Le Chiacchiere di Carnevale, Brigitte e l’effetto Quaresima


Chiacchiere, dal web

Chiacchiere, dal web

di Marco Galetti

Il Rito Ambrosiano mi segnala, con una notifica celestiale, che qui a Milano il Carnevale si concluderà sabato quattro marzo.

Per mantenere il peso forma ed una forma accettabile, in questo periodo ho evitato di passare troppo vicino alla pasticceria dove solitamente mi fermo per un caffè, la subdola, risentita per il mio atteggiamento, per puro dispetto ha sparso aromi di dolci carnevaleschi con maggior intensità del solito.

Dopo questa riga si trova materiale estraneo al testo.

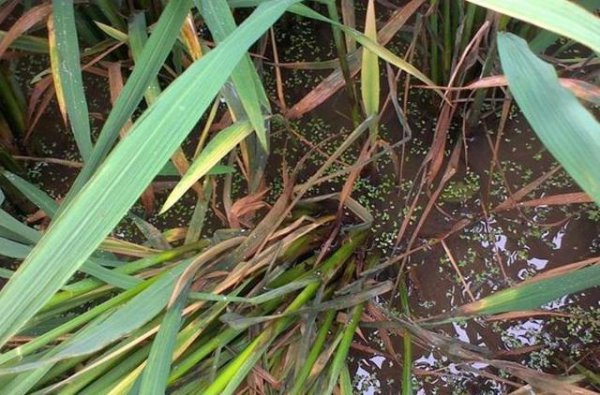 吡唑醚菌酯治水稻纹枯病效果怎么样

Da quanto tempo non mangio un chilo di tortelli, dolci, fritti e ripieni di crema, da accompagnare con quattro chiacchiere tra amici e al forno, quando gli eccessi erano la consuetudine la salute non era un problema, adesso basta sgarrare un attimo che mi arrivano messaggi vibranti, lampeggianti, sonori dello stesso tenore, hai preso una strada sbagliata, se non vuoi ridurti come un cencio, niente cenci.

L’indice glicemico mi punta addosso un dito di monito, evito di guardarlo negli occhi, poi sento il fiato sul collo della Quaresima in avvicinamento e capitolo, compenserò eventuali carenze affettive in altro modo, tolgo il vestito da Zorro dal cassetto dei ricordi, indosso la mascherina e mi concedo un ricordo  di quelli dolci, sperando non mi lasci l’amaro in bocca.

Invitai un’amica a casa, mi avrebbe aiutato nella scelta dei vestiti per la festa in maschera, portò degli abiti orientaleggianti, in qualche modo una volta indossati ricordavo uno sceicco, mentre mi vestiva, purtroppo, non buttò l’occhio né altro  sotto la cintura damascata, poi in discoteca da buoni amici ci perdemmo di vista, era la seconda volta nella mia vita da adulto che mi mascheravo.

Mi sentivo un po’ ridicolo, uno sceicco fuor d’acqua, poi la vidi, vestita da odalisca, inevitabilmente la avvicinai, dopo la festa ci fermammo nel Parco delle Basiliche, aumentò il battito cardiaco, diminuì quello dei nostri orologi che poco prima dell’alba, smessi e rimessi i panni dello sceicco e dell’odalisca, ripresero un battito regolare.

La prima volta che mi mascherai era Inverno, arrivammo in moto e in pigiama davanti all’ingresso di un locale, pur indossando stivali invece delle pantofole ci fecero entrare.

Lui era basso, largo, scuro, vecchio, per i nostri parametri di allora, brutto, probabilmente ricco e potente, adagiato su un divanetto circondato da “topastrone”   che  facevano a gara per strofinarsi contro i baffoni di questo Emiliano Zapata più conquistatore che guerrigliero, oggi mi spiego quel che allora ci sembrò inspiegabile..

La stessa sera incontrammo un amico comune che anni dopo sarebbe stato a capo di una delle più importanti agenzie di modelle nella capitale della moda, si fermò con noi solo qualche minuto, il tempo di presentarci la sua nuova ragazza, una giovane modella danese, la loro storia in parte sotto traccia durò negli anni, poi Gitte, divenne famosa, sposò Stallone e si allontanò da Milano, ma il primo amore, soprattutto se misura centottantacinque  centimetri ben distribuiti, non si scorda mai, forse anche Luca, l’Apache, ogni tanto ripensa ad una dea in pigiama.

Gitte

Gitte

Gitte, come eravamo, dovesse presentarsi Rambo, punto nell’orgoglio, potrei sempre dirgli che è stato solo uno scherzo di Carnevale, sperando che Gitte non mi smentisca.